Today, Google gave Android devs a peak at the future experiences they’ll be able to design on wearable devices, and it looks downright pleasant. It’s all about simplicity and usefulness.

While Google is initially focusing on watches for its new Android Wear endeavor, the idea is to extend the Android operating system onto many devices. The new developer preview Google announced today provides a taste of the universal experience Google is looking to implement.

The Android Wear software development kit (SDK) and new application programming interfaces (APIs) will launch later this year, Google said. New features will include the ability to create custom card layouts, move data between phones and wearables, display data from sensors, and support voice commands.

The Android Wear developer preview is available now. It includes an app for phones and tablets, sample applications with new APIs, and an option to run Android Wear’s features on an emulator and shoot notifications over to it.

The guide for the preview shows how developers can start to move their apps over to wearables in neat, visually compelling ways.

For now, the preview lets developers incorporate actions for people to take in an app, images to run in the background, and icons to float on screen next to notifications.
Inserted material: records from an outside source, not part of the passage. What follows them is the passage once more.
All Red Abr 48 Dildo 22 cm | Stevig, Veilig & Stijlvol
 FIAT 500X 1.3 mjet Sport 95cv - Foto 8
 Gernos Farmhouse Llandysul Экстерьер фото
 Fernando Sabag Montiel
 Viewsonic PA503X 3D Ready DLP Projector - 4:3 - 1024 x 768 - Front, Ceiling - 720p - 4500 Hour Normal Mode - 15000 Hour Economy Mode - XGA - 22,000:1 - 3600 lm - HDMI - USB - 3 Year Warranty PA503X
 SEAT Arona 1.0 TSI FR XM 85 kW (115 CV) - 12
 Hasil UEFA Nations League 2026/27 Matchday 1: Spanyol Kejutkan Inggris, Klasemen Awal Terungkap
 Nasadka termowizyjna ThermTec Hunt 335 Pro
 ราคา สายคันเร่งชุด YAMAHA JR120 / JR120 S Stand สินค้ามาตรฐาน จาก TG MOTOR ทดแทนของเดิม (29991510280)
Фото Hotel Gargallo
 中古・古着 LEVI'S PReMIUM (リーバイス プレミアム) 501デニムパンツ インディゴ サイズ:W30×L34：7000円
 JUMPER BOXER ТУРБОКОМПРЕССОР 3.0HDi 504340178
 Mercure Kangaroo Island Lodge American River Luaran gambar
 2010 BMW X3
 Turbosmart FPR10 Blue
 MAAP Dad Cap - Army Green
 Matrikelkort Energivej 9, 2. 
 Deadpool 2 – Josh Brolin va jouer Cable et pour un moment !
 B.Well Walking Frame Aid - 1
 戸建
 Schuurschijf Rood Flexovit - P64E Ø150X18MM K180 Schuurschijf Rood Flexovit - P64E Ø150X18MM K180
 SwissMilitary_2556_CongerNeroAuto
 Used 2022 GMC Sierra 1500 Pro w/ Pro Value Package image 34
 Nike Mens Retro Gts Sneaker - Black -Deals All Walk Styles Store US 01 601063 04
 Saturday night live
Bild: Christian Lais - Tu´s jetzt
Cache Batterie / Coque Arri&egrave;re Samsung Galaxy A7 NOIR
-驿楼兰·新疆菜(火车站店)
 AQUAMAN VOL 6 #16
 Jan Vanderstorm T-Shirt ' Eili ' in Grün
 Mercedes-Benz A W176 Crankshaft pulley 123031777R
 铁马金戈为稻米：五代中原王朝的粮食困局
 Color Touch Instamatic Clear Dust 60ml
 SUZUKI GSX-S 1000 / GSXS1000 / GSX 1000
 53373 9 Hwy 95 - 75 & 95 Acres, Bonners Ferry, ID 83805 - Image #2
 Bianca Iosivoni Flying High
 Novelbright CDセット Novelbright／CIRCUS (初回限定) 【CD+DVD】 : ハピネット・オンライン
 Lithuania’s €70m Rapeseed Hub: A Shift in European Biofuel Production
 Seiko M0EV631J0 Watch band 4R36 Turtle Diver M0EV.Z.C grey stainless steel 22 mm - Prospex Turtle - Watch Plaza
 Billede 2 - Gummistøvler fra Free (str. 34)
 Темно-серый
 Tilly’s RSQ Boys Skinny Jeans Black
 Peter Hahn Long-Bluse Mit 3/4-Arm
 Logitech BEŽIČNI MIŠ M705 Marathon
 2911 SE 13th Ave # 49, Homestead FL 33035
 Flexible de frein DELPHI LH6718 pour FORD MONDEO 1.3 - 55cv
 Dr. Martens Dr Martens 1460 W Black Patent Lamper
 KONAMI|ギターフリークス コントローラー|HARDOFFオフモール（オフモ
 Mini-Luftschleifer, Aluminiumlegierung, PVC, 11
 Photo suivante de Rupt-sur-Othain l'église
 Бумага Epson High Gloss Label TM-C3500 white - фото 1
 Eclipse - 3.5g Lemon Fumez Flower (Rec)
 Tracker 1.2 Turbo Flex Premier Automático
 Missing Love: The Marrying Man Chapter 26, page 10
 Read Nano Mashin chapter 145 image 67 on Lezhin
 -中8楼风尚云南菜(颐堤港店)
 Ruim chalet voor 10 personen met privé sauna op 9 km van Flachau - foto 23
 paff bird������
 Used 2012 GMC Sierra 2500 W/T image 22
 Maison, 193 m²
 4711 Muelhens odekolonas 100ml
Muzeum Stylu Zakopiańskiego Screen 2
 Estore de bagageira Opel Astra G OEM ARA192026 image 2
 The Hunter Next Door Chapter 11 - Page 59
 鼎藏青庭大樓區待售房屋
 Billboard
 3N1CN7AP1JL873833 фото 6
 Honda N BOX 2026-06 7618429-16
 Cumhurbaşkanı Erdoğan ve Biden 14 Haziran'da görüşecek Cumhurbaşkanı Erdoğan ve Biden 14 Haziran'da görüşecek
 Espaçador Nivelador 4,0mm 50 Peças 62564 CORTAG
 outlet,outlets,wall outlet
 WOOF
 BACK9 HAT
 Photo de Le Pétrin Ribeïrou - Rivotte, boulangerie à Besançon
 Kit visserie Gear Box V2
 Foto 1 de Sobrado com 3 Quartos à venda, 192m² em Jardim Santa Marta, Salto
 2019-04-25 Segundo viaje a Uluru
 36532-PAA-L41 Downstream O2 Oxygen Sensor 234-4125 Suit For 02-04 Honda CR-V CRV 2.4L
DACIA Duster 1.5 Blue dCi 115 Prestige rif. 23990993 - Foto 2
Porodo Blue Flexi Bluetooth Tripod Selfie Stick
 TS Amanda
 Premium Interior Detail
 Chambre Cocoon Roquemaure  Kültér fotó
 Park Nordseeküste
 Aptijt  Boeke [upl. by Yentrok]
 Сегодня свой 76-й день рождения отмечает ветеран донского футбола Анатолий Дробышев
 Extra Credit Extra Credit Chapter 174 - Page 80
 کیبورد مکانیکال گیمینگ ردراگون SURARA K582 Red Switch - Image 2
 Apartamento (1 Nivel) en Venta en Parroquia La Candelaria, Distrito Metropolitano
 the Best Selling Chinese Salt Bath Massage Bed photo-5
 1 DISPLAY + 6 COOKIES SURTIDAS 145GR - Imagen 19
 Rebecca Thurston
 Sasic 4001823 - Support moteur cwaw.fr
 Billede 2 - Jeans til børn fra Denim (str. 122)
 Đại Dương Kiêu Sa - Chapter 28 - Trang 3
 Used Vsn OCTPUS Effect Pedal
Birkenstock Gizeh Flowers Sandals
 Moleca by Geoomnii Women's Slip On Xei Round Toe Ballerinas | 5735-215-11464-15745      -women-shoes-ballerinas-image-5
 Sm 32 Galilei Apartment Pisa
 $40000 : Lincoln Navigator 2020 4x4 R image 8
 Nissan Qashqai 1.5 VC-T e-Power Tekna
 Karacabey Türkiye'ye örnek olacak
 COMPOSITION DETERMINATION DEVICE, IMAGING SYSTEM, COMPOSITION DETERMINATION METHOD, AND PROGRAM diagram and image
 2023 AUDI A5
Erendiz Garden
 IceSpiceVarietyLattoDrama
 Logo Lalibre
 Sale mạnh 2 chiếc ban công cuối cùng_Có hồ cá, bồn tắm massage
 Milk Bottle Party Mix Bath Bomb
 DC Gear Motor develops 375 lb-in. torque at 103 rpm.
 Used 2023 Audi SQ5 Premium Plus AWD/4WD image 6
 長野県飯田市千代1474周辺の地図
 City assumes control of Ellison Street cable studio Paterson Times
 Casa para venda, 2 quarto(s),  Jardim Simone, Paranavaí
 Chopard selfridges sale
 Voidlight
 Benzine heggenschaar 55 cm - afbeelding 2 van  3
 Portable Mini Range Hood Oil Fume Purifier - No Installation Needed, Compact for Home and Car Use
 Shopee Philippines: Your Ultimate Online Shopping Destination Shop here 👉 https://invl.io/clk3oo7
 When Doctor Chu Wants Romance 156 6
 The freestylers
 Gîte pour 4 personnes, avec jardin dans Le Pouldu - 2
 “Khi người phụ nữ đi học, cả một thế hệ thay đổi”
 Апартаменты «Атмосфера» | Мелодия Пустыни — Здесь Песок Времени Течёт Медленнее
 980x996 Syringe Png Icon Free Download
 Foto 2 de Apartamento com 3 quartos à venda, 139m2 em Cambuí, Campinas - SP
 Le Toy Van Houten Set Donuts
They can add “pages” for multiple bits of information a person can swipe through horizontally. Alternatively, they can display “stacks” of information to flip through vertically. And the preview lets someone click a button to send a fast message in response to a message from a friend as an alternative to replying in your own words with your voice.

Google splits displays of information for Android Wear into two categories: suggesting and demanding.

Suggesting implies the most typical content a user would be interested in viewing while swiping vertically or horizontally on a device’s screen. For example, a user could breeze through information about a destination, an upcoming trip, and a conversation with a friend. Suggestions like this form a critical piece of the Android Wear experience that Google wants to enable, which boils down to delivering the right stuff at the right time.

Still, a device can’t know everything. So alongside suggestions, there are demands, which stand for tasks a person can proactively call up. Voice commands could initiative these sorts of processes, like setting a timer, requesting a cab, or identifying a song. Still, Google wants to keep interactions to a minimum.

Google offers some best practices to developers on the design front: “Omit needless text from your notifications. Design for glanceability, not reading, Use words and phrases, not sentences. Show, don’t tell: where possible use simple icons, glyphs, and visualizations to convey your message.”

And Google advises developers to only use vibration under urgent circumstances. Anything less critical can just bubble up on the screen without other cues.

For those who learn by watching YouTube videos, Google has furnished a couple of those as well as a new Google+ community. Of course.

Even so, Google doesn’t want all of its hot new Android Wear code appearing just anywhere yet. Developers seeking access to the developer preview must promise not to port over even a drop of it to a device that’s not supported in the Android Wear program:

3.3 You may not use the Developer Preview for any purpose not expressly permitted by this License Agreement. Except to the extent required by applicable third party licenses, you may not: (a) copy (except for backup purposes), modify, adapt, redistribute, decompile, reverse engineer, disassemble, or create derivative works of the Developer Preview or any part of the Developer Preview; or (b) load any part of the Developer Preview onto a mobile handset or wearable computing device or any other hardware device except an Android Wear device, combine any part of the Developer Preview with other software, or distribute any software or device incorporating a part of the Developer Preview.